BEGIN Data excerpts
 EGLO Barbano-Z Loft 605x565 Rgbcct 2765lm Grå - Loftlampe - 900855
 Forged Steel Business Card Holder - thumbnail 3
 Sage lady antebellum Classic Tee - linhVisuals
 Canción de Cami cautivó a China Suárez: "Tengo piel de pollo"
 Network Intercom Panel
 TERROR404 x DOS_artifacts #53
END Data excerpts
BEGIN Data excerpts
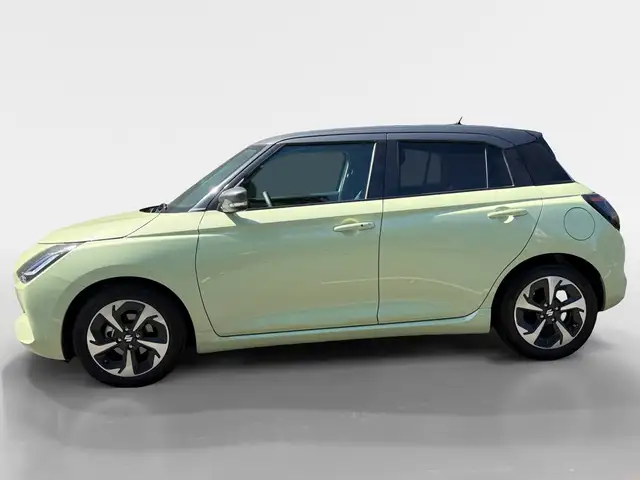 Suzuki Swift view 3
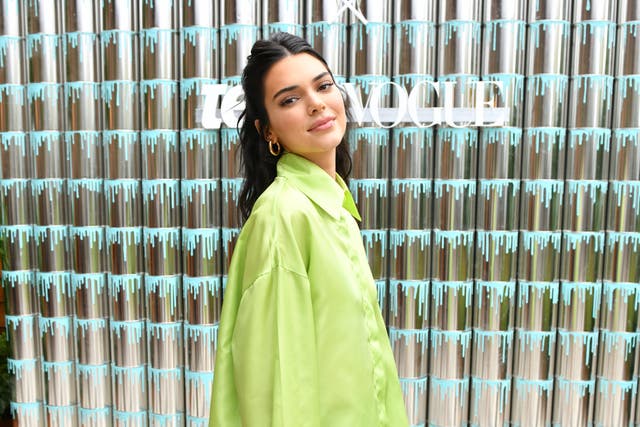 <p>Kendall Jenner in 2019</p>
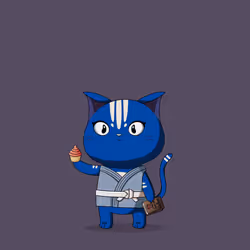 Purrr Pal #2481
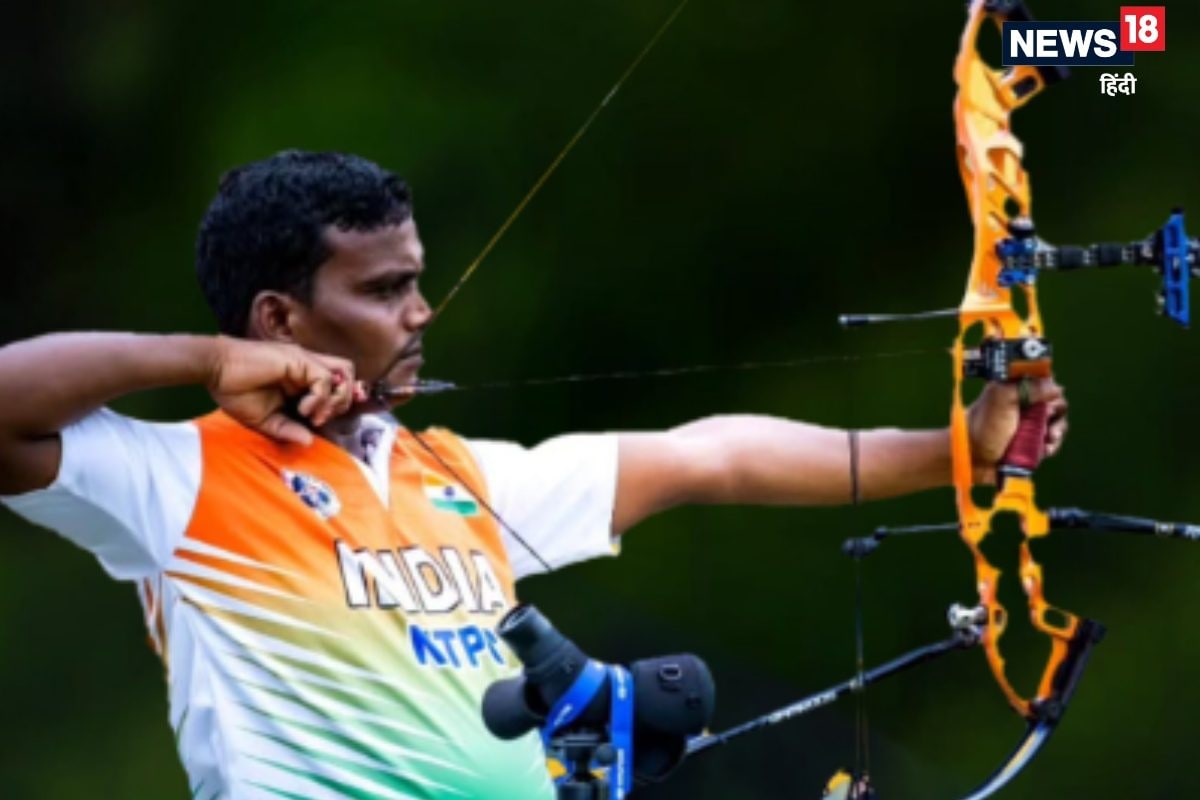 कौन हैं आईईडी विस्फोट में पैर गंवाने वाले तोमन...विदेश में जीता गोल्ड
END Data excerpts
* _The task_: The required output is the stretch of entries above from the line containing "EGLO Barbano-Z Loft" through the line containing "TERROR404 x DOS_artifacts #53", reproduced exactly.

* _Output_:
 EGLO Barbano-Z Loft 605x565 Rgbcct 2765lm Grå - Loftlampe - 900855
 Forged Steel Business Card Holder - thumbnail 3
 Sage lady antebellum Classic Tee - linhVisuals
 Canción de Cami cautivó a China Suárez: "Tengo piel de pollo"
 Network Intercom Panel
 TERROR404 x DOS_artifacts #53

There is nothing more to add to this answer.